Born and educated in Edinburgh, Tommy Armour lost the sight of an eye due to mustard gas during WWI. His golf career really took off when he went to America.
He won the US Open in 1927 at Oakmont with a 3 at the last to tie “Light Horse” Harry Cooper, who he then beat in a play-off. In 1930 he won the major that the great amateur Bobby Jones could not enter, the PGA Championship.
The following year he claimed the Claret Jug in the first Open staged at Carnoustie. At a monster 6,900 yards, James Braid had turned the course into a stern examination. Yet Armour equalled the course record with a 71 in the final round.
Like Jim Barnes six years earlier, Armour came back from five behind after 54 holes. Barnes, however, was lying second to Macdonald Smith who collapsed amid Prestwick being overrun with spectators.
Armour was tied for sixth after 54 holes and needed a special round to overtake all of those ahead of him, including Argentina’s Jose Jurado, who laid up at the last hole and missed from nine feet for the 4 he required to tie.

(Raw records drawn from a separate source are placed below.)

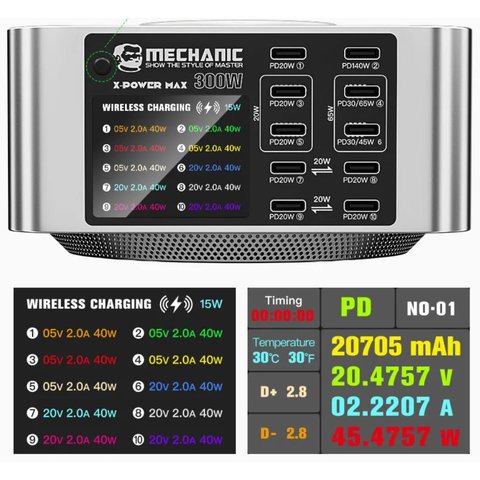 Adaptador de red Mechanic X-Power Max, 300 W, Power Delivery (PD), con cargador inalámbrico, 10 puertos Vista previa  2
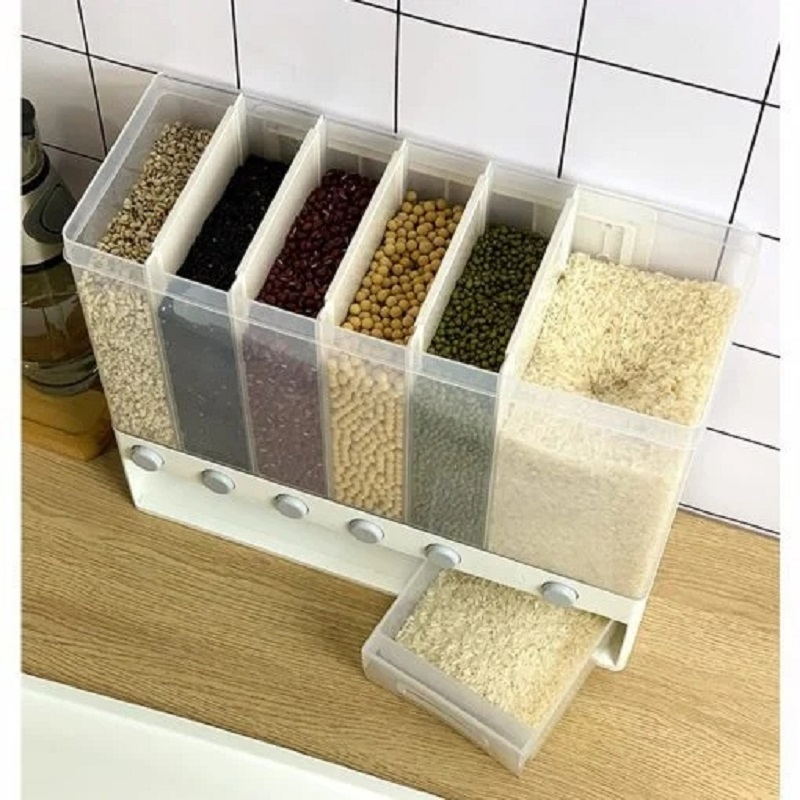 Wall Mounted Divided Rice And Cereal Dispenser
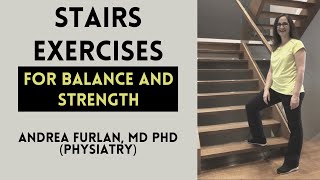 051 BALANCE and STRENGTH Exercises for SENIORS using a STAIRCASE at HOME [upl. by Kcireddor]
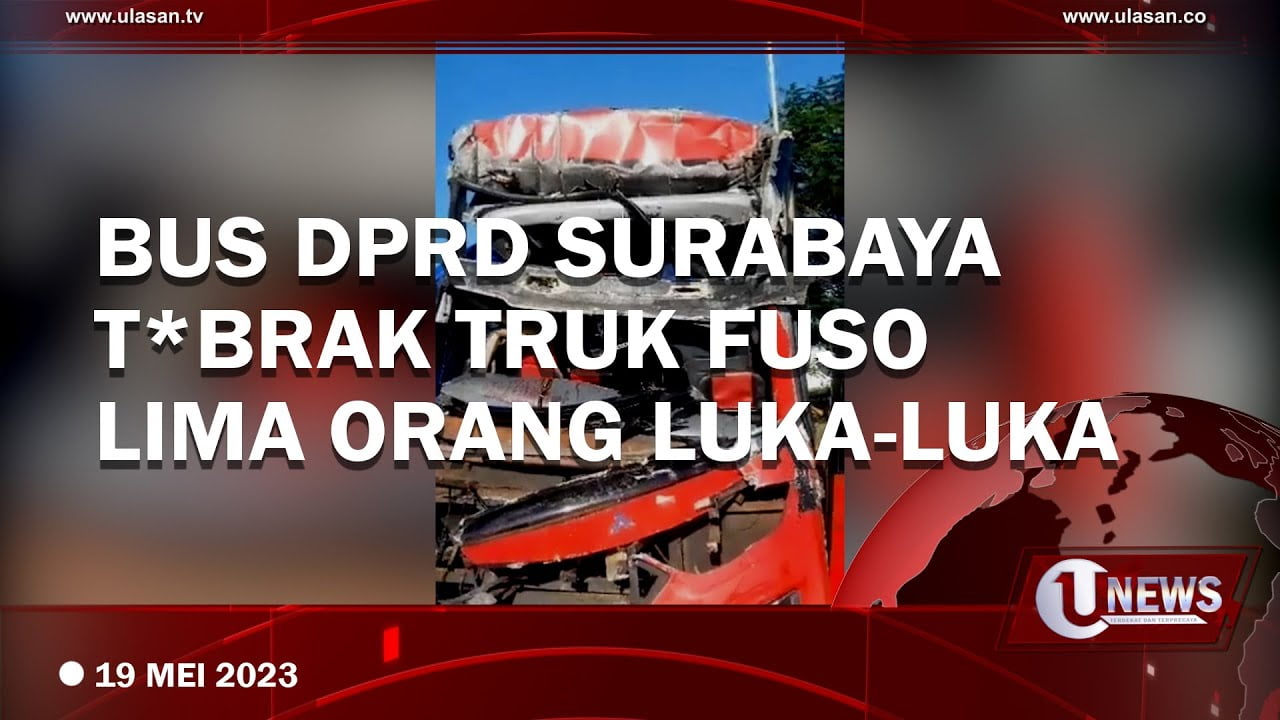 Bus DPRD Surabaya Bawa Rombongan Pelajar Tabrak Truk Fuso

The “Silver Scot”, although a naturalised American by then, was the last Scottish-born player to win The Open until Paul Lawrie back at Carnoustie in 1999. Armour was a fine driver of the ball but putting was a weakness and he coined the term the “yips”, which he described as “that ghastly time when, with the first movement of the putter, the golfer blacks out.”
He became a fine teacher of the game and wrote two best-selling books, 'How to Play Your Best Golf All the Time' and 'A Round of Golf with Tommy Armour'. He was a deliberately slow player, saying: “Whoever said golf was supposed to be played fast?”